▶ _WORK REQUIRED_: Nothing should differ between your answer and the records.
------------------------------------------------------------
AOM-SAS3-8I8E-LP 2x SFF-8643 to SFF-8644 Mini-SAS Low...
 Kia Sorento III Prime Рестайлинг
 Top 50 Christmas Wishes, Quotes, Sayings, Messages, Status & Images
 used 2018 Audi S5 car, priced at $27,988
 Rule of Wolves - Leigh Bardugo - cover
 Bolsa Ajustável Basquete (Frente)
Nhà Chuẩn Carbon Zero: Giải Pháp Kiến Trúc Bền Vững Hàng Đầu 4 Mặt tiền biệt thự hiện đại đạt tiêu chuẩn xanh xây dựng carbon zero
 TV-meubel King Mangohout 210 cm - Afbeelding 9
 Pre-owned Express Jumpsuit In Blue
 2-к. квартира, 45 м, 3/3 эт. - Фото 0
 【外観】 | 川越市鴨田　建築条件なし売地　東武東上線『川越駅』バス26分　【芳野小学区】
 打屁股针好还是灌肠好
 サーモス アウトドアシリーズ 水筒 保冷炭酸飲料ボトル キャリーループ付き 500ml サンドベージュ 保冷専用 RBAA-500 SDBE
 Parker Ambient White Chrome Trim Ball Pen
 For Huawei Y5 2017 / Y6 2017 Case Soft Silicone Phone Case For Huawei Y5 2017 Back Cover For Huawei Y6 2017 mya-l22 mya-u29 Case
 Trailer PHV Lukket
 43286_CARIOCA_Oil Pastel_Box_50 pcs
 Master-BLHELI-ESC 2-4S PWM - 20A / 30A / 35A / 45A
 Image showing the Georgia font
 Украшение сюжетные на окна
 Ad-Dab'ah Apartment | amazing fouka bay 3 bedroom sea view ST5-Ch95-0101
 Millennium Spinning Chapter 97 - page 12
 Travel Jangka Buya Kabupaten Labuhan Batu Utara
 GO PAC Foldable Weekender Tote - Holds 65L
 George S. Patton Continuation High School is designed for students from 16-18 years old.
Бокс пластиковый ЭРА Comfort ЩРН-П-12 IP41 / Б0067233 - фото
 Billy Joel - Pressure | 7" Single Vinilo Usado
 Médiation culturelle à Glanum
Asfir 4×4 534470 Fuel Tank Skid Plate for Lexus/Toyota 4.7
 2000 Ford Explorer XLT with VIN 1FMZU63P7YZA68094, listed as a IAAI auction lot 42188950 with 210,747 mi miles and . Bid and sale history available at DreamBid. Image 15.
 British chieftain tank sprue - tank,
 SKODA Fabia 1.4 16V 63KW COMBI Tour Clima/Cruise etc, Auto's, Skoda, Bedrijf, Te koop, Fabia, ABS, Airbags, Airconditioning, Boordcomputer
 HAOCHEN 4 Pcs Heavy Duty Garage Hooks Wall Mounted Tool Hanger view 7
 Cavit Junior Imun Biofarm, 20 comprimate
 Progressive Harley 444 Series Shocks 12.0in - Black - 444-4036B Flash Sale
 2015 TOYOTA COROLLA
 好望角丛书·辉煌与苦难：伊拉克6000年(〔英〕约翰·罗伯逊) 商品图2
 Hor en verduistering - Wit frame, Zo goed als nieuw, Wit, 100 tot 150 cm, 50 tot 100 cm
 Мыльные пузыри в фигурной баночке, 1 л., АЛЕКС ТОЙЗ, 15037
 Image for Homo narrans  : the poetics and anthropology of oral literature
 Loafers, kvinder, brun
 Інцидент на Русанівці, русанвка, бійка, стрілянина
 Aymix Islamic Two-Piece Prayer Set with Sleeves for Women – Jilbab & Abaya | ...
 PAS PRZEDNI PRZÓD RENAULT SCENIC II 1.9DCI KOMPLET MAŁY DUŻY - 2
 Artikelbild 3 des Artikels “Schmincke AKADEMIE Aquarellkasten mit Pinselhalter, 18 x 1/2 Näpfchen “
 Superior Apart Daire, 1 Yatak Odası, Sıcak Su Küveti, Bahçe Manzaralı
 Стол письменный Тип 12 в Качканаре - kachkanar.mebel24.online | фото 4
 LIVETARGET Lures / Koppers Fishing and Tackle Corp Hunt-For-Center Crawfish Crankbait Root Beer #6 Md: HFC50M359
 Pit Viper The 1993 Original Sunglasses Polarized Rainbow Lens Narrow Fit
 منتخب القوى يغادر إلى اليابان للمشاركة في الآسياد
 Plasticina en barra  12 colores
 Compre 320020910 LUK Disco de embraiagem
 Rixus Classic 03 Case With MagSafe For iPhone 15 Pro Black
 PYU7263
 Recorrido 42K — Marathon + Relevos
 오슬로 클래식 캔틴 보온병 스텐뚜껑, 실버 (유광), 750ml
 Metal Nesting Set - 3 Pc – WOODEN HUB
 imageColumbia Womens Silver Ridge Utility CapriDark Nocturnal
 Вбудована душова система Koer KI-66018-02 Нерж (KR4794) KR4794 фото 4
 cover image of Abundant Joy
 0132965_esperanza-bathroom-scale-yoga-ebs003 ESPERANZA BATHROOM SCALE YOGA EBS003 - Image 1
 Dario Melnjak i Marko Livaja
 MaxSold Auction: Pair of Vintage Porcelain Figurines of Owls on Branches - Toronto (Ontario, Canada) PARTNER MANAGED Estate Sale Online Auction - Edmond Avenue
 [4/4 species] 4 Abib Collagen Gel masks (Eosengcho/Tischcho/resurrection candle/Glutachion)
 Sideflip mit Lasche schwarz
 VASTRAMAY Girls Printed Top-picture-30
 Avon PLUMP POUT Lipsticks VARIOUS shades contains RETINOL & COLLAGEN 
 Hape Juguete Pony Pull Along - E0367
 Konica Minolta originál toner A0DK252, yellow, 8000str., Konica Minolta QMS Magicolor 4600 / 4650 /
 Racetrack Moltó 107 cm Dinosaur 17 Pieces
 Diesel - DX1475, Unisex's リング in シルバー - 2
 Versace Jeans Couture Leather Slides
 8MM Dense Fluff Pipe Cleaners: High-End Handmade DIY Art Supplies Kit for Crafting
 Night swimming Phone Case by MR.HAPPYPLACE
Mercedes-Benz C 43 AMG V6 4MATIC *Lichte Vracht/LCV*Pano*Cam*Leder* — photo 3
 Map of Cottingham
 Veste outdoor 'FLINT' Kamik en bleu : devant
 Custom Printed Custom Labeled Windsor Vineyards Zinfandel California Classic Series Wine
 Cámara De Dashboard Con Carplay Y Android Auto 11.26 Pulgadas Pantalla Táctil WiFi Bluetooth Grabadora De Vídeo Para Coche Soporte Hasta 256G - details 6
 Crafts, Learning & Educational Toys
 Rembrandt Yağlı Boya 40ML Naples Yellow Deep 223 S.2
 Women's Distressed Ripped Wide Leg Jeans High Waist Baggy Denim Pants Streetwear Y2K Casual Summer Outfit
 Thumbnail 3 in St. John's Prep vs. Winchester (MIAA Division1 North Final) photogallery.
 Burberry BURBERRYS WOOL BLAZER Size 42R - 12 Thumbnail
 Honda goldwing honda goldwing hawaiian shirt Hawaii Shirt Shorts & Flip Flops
------------------------------------------------------------
▶ _ANSWER TO THIS EXERCISE_:
AOM-SAS3-8I8E-LP 2x SFF-8643 to SFF-8644 Mini-SAS Low...
 Kia Sorento III Prime Рестайлинг
 Top 50 Christmas Wishes, Quotes, Sayings, Messages, Status & Images
 used 2018 Audi S5 car, priced at $27,988
 Rule of Wolves - Leigh Bardugo - cover
 Bolsa Ajustável Basquete (Frente)
Nhà Chuẩn Carbon Zero: Giải Pháp Kiến Trúc Bền Vững Hàng Đầu 4 Mặt tiền biệt thự hiện đại đạt tiêu chuẩn xanh xây dựng carbon zero
 TV-meubel King Mangohout 210 cm - Afbeelding 9
 Pre-owned Express Jumpsuit In Blue
 2-к. квартира, 45 м, 3/3 эт. - Фото 0
 【外観】 | 川越市鴨田　建築条件なし売地　東武東上線『川越駅』バス26分　【芳野小学区】
 打屁股针好还是灌肠好
 サーモス アウトドアシリーズ 水筒 保冷炭酸飲料ボトル キャリーループ付き 500ml サンドベージュ 保冷専用 RBAA-500 SDBE
 Parker Ambient White Chrome Trim Ball Pen
 For Huawei Y5 2017 / Y6 2017 Case Soft Silicone Phone Case For Huawei Y5 2017 Back Cover For Huawei Y6 2017 mya-l22 mya-u29 Case
 Trailer PHV Lukket
 43286_CARIOCA_Oil Pastel_Box_50 pcs
 Master-BLHELI-ESC 2-4S PWM - 20A / 30A / 35A / 45A
 Image showing the Georgia font
 Украшение сюжетные на окна
 Ad-Dab'ah Apartment | amazing fouka bay 3 bedroom sea view ST5-Ch95-0101
 Millennium Spinning Chapter 97 - page 12
 Travel Jangka Buya Kabupaten Labuhan Batu Utara
 GO PAC Foldable Weekender Tote - Holds 65L
 George S. Patton Continuation High School is designed for students from 16-18 years old.
Бокс пластиковый ЭРА Comfort ЩРН-П-12 IP41 / Б0067233 - фото
 Billy Joel - Pressure | 7" Single Vinilo Usado
 Médiation culturelle à Glanum
Asfir 4×4 534470 Fuel Tank Skid Plate for Lexus/Toyota 4.7
 2000 Ford Explorer XLT with VIN 1FMZU63P7YZA68094, listed as a IAAI auction lot 42188950 with 210,747 mi miles and . Bid and sale history available at DreamBid. Image 15.
 British chieftain tank sprue - tank,
 SKODA Fabia 1.4 16V 63KW COMBI Tour Clima/Cruise etc, Auto's, Skoda, Bedrijf, Te koop, Fabia, ABS, Airbags, Airconditioning, Boordcomputer
 HAOCHEN 4 Pcs Heavy Duty Garage Hooks Wall Mounted Tool Hanger view 7
 Cavit Junior Imun Biofarm, 20 comprimate
 Progressive Harley 444 Series Shocks 12.0in - Black - 444-4036B Flash Sale
 2015 TOYOTA COROLLA
 好望角丛书·辉煌与苦难：伊拉克6000年(〔英〕约翰·罗伯逊) 商品图2
 Hor en verduistering - Wit frame, Zo goed als nieuw, Wit, 100 tot 150 cm, 50 tot 100 cm
 Мыльные пузыри в фигурной баночке, 1 л., АЛЕКС ТОЙЗ, 15037
 Image for Homo narrans  : the poetics and anthropology of oral literature
 Loafers, kvinder, brun
 Інцидент на Русанівці, русанвка, бійка, стрілянина
 Aymix Islamic Two-Piece Prayer Set with Sleeves for Women – Jilbab & Abaya | ...
 PAS PRZEDNI PRZÓD RENAULT SCENIC II 1.9DCI KOMPLET MAŁY DUŻY - 2
 Artikelbild 3 des Artikels “Schmincke AKADEMIE Aquarellkasten mit Pinselhalter, 18 x 1/2 Näpfchen “
 Superior Apart Daire, 1 Yatak Odası, Sıcak Su Küveti, Bahçe Manzaralı
 Стол письменный Тип 12 в Качканаре - kachkanar.mebel24.online | фото 4
 LIVETARGET Lures / Koppers Fishing and Tackle Corp Hunt-For-Center Crawfish Crankbait Root Beer #6 Md: HFC50M359
 Pit Viper The 1993 Original Sunglasses Polarized Rainbow Lens Narrow Fit
 منتخب القوى يغادر إلى اليابان للمشاركة في الآسياد
 Plasticina en barra  12 colores
 Compre 320020910 LUK Disco de embraiagem
 Rixus Classic 03 Case With MagSafe For iPhone 15 Pro Black
 PYU7263
 Recorrido 42K — Marathon + Relevos
 오슬로 클래식 캔틴 보온병 스텐뚜껑, 실버 (유광), 750ml
 Metal Nesting Set - 3 Pc – WOODEN HUB
 imageColumbia Womens Silver Ridge Utility CapriDark Nocturnal
 Вбудована душова система Koer KI-66018-02 Нерж (KR4794) KR4794 фото 4
 cover image of Abundant Joy
 0132965_esperanza-bathroom-scale-yoga-ebs003 ESPERANZA BATHROOM SCALE YOGA EBS003 - Image 1
 Dario Melnjak i Marko Livaja
 MaxSold Auction: Pair of Vintage Porcelain Figurines of Owls on Branches - Toronto (Ontario, Canada) PARTNER MANAGED Estate Sale Online Auction - Edmond Avenue
 [4/4 species] 4 Abib Collagen Gel masks (Eosengcho/Tischcho/resurrection candle/Glutachion)
 Sideflip mit Lasche schwarz
 VASTRAMAY Girls Printed Top-picture-30
 Avon PLUMP POUT Lipsticks VARIOUS shades contains RETINOL & COLLAGEN 
 Hape Juguete Pony Pull Along - E0367
 Konica Minolta originál toner A0DK252, yellow, 8000str., Konica Minolta QMS Magicolor 4600 / 4650 /
 Racetrack Moltó 107 cm Dinosaur 17 Pieces
 Diesel - DX1475, Unisex's リング in シルバー - 2
 Versace Jeans Couture Leather Slides
 8MM Dense Fluff Pipe Cleaners: High-End Handmade DIY Art Supplies Kit for Crafting
 Night swimming Phone Case by MR.HAPPYPLACE
Mercedes-Benz C 43 AMG V6 4MATIC *Lichte Vracht/LCV*Pano*Cam*Leder* — photo 3
 Map of Cottingham
 Veste outdoor 'FLINT' Kamik en bleu : devant
 Custom Printed Custom Labeled Windsor Vineyards Zinfandel California Classic Series Wine
 Cámara De Dashboard Con Carplay Y Android Auto 11.26 Pulgadas Pantalla Táctil WiFi Bluetooth Grabadora De Vídeo Para Coche Soporte Hasta 256G - details 6
 Crafts, Learning & Educational Toys
 Rembrandt Yağlı Boya 40ML Naples Yellow Deep 223 S.2
 Women's Distressed Ripped Wide Leg Jeans High Waist Baggy Denim Pants Streetwear Y2K Casual Summer Outfit
 Thumbnail 3 in St. John's Prep vs. Winchester (MIAA Division1 North Final) photogallery.
 Burberry BURBERRYS WOOL BLAZER Size 42R - 12 Thumbnail
 Honda goldwing honda goldwing hawaiian shirt Hawaii Shirt Shorts & Flip Flops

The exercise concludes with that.